▶ [Exercise details]:
Please write out the full listing beneath this line exactly, skipping its images.

▶ [Source data]:
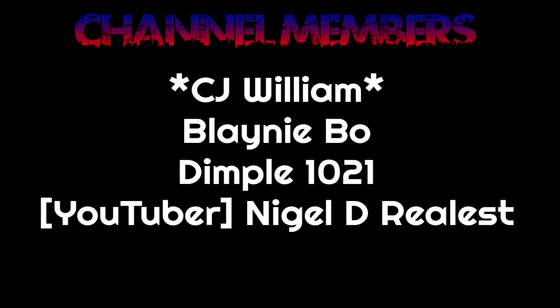I want to give a special shout out to our channel members: CJ, William Blaney, Bow, Dimple 1021, Nigel the Realest — I really appreciate your support, it means everything to me. There are so many cool perks that come along with channel membership; if you're interested, hit that join button down below for all the info. I really appreciate everyone for watching — hope you enjoy this recipe, try it out, and come back and let me know what you thought. I'll see you on the next video. Deuces.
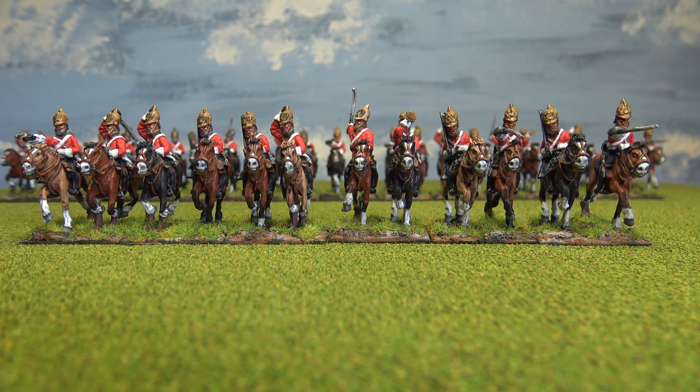They are exactly the same figures as the previous two units that I have shown you, so I have put the earlier two in the background there so you can see I am not just recycling the same figures over and over.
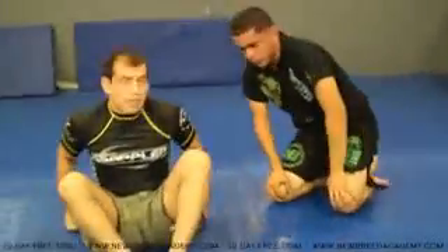So, there you are guys. Enjoy. Basic Anaconda transition, followed by Anaconda from the arm drag — arm drag loop Anaconda choke. Alright, have fun. Get to it.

▶ [Response below]:
I want to give a special shout out to our channel members: CJ, William Blaney, Bow, Dimple 1021, Nigel the Realest — I really appreciate your support, it means everything to me. There are so many cool perks that come along with channel membership; if you're interested, hit that join button down below for all the info. I really appreciate everyone for watching — hope you enjoy this recipe, try it out, and come back and let me know what you thought. I'll see you on the next video. Deuces.
They are exactly the same figures as the previous two units that I have shown you, so I have put the earlier two in the background there so you can see I am not just recycling the same figures over and over.
So, there you are guys. Enjoy. Basic Anaconda transition, followed by Anaconda from the arm drag — arm drag loop Anaconda choke. Alright, have fun. Get to it.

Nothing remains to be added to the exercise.